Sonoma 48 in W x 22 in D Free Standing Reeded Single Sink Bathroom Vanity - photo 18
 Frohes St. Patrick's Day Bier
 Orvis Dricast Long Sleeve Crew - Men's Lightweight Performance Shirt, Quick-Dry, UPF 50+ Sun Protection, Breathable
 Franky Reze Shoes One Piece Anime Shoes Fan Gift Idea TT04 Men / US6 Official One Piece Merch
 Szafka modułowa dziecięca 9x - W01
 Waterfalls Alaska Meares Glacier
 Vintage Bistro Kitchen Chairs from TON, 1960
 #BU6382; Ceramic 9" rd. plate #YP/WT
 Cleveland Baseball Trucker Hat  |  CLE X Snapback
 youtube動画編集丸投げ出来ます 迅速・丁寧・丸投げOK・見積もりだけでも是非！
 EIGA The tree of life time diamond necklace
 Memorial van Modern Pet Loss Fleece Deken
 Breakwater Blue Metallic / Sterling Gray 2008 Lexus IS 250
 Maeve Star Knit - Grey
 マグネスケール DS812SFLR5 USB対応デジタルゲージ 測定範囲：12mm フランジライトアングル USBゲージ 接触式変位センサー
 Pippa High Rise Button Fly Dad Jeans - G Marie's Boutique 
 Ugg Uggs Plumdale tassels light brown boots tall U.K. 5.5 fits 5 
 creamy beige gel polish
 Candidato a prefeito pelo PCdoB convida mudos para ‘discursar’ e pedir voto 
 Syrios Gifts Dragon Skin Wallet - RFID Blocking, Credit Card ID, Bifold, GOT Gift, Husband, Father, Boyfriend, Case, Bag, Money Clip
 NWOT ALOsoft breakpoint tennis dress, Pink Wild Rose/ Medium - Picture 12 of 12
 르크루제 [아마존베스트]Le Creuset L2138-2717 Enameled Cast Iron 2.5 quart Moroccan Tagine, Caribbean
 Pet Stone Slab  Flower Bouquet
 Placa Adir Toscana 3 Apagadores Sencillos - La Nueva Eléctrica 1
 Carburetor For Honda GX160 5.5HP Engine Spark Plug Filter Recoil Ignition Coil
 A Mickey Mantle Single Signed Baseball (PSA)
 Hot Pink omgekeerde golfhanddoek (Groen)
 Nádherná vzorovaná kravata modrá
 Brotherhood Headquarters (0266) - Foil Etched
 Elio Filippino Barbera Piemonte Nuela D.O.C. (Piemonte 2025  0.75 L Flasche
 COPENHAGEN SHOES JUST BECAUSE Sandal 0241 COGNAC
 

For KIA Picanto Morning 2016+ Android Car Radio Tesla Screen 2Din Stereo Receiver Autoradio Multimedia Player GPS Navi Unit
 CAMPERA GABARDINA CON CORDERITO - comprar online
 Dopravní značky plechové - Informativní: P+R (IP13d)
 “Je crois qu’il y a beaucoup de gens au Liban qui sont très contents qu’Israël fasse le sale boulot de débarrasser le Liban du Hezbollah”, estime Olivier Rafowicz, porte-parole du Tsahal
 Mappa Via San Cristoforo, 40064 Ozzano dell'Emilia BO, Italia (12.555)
+-------+
# WHAT THE TASK REQUIRES
Restate all entries above verbatim.

# SOLUTION BELOW
Sonoma 48 in W x 22 in D Free Standing Reeded Single Sink Bathroom Vanity - photo 18
 Frohes St. Patrick's Day Bier
 Orvis Dricast Long Sleeve Crew - Men's Lightweight Performance Shirt, Quick-Dry, UPF 50+ Sun Protection, Breathable
 Franky Reze Shoes One Piece Anime Shoes Fan Gift Idea TT04 Men / US6 Official One Piece Merch
 Szafka modułowa dziecięca 9x - W01
 Waterfalls Alaska Meares Glacier
 Vintage Bistro Kitchen Chairs from TON, 1960
 #BU6382; Ceramic 9" rd. plate #YP/WT
 Cleveland Baseball Trucker Hat  |  CLE X Snapback
 youtube動画編集丸投げ出来ます 迅速・丁寧・丸投げOK・見積もりだけでも是非！
 EIGA The tree of life time diamond necklace
 Memorial van Modern Pet Loss Fleece Deken
 Breakwater Blue Metallic / Sterling Gray 2008 Lexus IS 250
 Maeve Star Knit - Grey
 マグネスケール DS812SFLR5 USB対応デジタルゲージ 測定範囲：12mm フランジライトアングル USBゲージ 接触式変位センサー
 Pippa High Rise Button Fly Dad Jeans - G Marie's Boutique 
 Ugg Uggs Plumdale tassels light brown boots tall U.K. 5.5 fits 5 
 creamy beige gel polish
 Candidato a prefeito pelo PCdoB convida mudos para ‘discursar’ e pedir voto 
 Syrios Gifts Dragon Skin Wallet - RFID Blocking, Credit Card ID, Bifold, GOT Gift, Husband, Father, Boyfriend, Case, Bag, Money Clip
 NWOT ALOsoft breakpoint tennis dress, Pink Wild Rose/ Medium - Picture 12 of 12
 르크루제 [아마존베스트]Le Creuset L2138-2717 Enameled Cast Iron 2.5 quart Moroccan Tagine, Caribbean
 Pet Stone Slab  Flower Bouquet
 Placa Adir Toscana 3 Apagadores Sencillos - La Nueva Eléctrica 1
 Carburetor For Honda GX160 5.5HP Engine Spark Plug Filter Recoil Ignition Coil
 A Mickey Mantle Single Signed Baseball (PSA)
 Hot Pink omgekeerde golfhanddoek (Groen)
 Nádherná vzorovaná kravata modrá
 Brotherhood Headquarters (0266) - Foil Etched
 Elio Filippino Barbera Piemonte Nuela D.O.C. (Piemonte 2025  0.75 L Flasche
 COPENHAGEN SHOES JUST BECAUSE Sandal 0241 COGNAC
 

For KIA Picanto Morning 2016+ Android Car Radio Tesla Screen 2Din Stereo Receiver Autoradio Multimedia Player GPS Navi Unit
 CAMPERA GABARDINA CON CORDERITO - comprar online
 Dopravní značky plechové - Informativní: P+R (IP13d)
 “Je crois qu’il y a beaucoup de gens au Liban qui sont très contents qu’Israël fasse le sale boulot de débarrasser le Liban du Hezbollah”, estime Olivier Rafowicz, porte-parole du Tsahal
 Mappa Via San Cristoforo, 40064 Ozzano dell'Emilia BO, Italia (12.555)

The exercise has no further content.